I can't say I wasn't a tiny bit skeptical with Colored Sands, as I tend to be with most things. I liked the crew Luc assembled for this album, although each members' individual acts are a bit removed from the Gorguts sound. The preview track from 2011 was alright but left me wondering if the new members' influences would overshadow the Gorguts' feel and luckily I was wrong. Colin Marston, Kevin Hufnagel, and John Longstreth have all proven their versatility before but on Colored Sands you can hear them adapting perfectly to a different sound. Speaking of outside influence, the angular "Absconders" is an interesting track in that it distinctly sounds like something Deathspell Omega would write with Ulcerate-esque effects and linearity. Even the name sounds very Deathspell Omega-ish. I like it, and to me it's like Gorguts' giving the nod to all the bands which are similar in musical ideology.

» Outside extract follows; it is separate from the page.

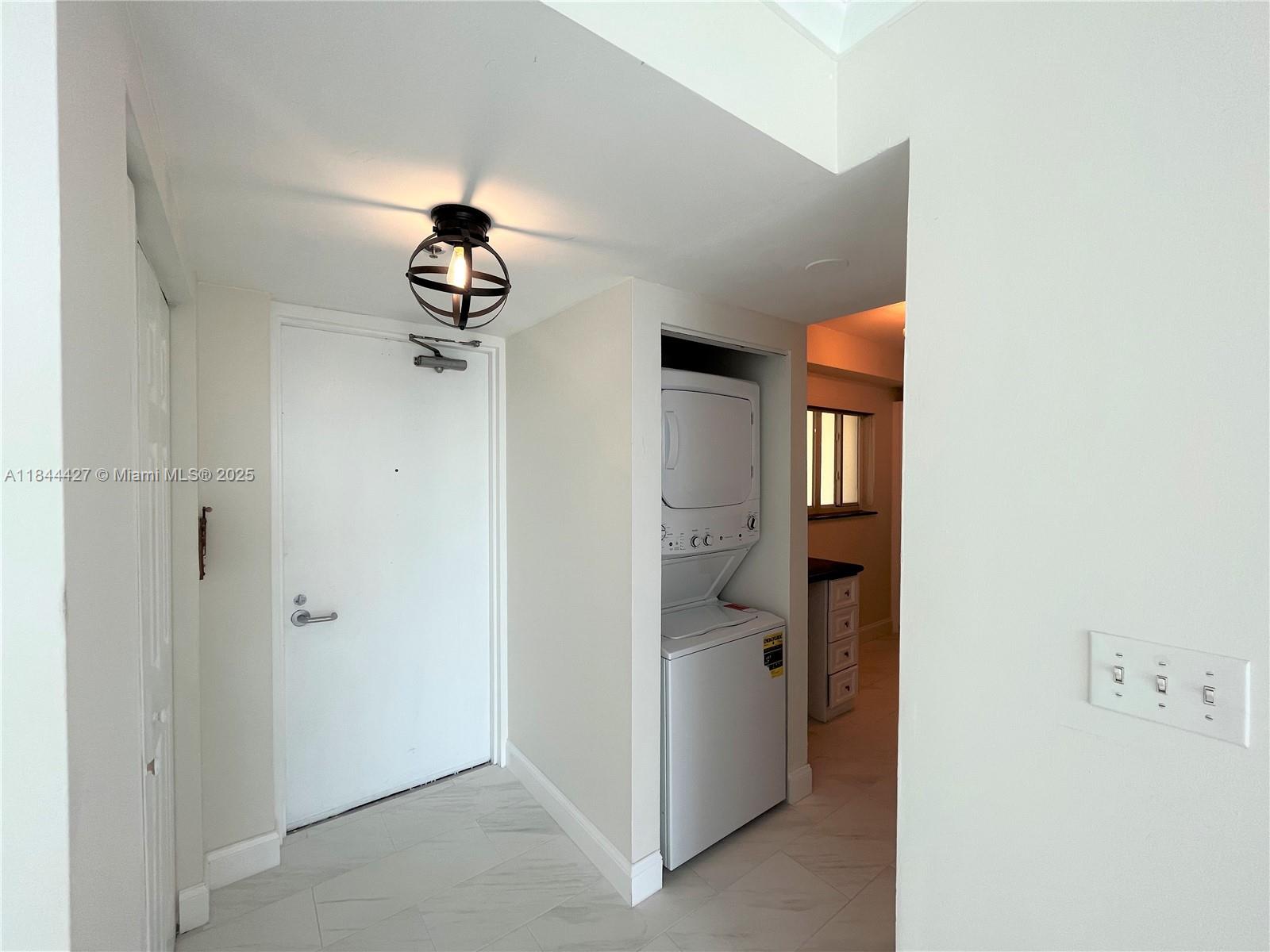 8888 Collins Ave 308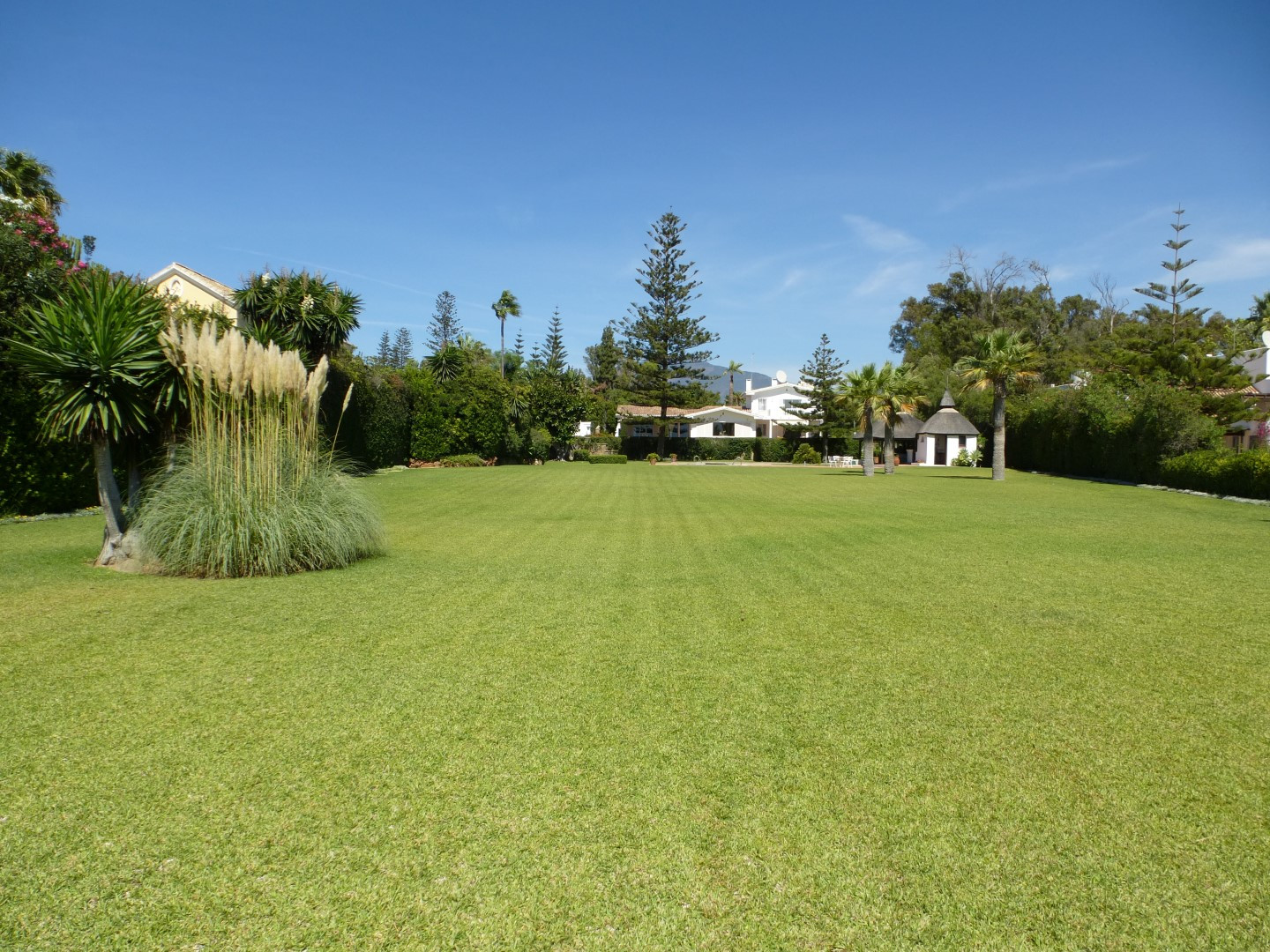 A stunning frontline beach property in Guadalmina Baja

Now comes that obligatory time in which I mention the production and mixing - it's borderline perfect perhaps minus the bass drums' sound which sounds a bit too tinny but at the higher speeds it keeps the mix from being muddy. I'm sure a select few will undoubtedly complain how Colored Sands is heavy and complex without the "darkness" they associate with death metal, as most of the composition is very odd or melodious.

They've missed the point completely.

9.25 out of 10

1. Le Toit du Monde
2. An Ocean Of Wisdom
3. Forgotten Arrows
4. Colored Sands
5. The Battle Of Chamdo
6. Enemies Of Compassion
7. Ember's Voice
8. Absconders
9. Reduced To Silence

Bandcamp (I assume it'll be available on release - it's currently streaming on Spotify)

Here's a cool interview about the concept of the album.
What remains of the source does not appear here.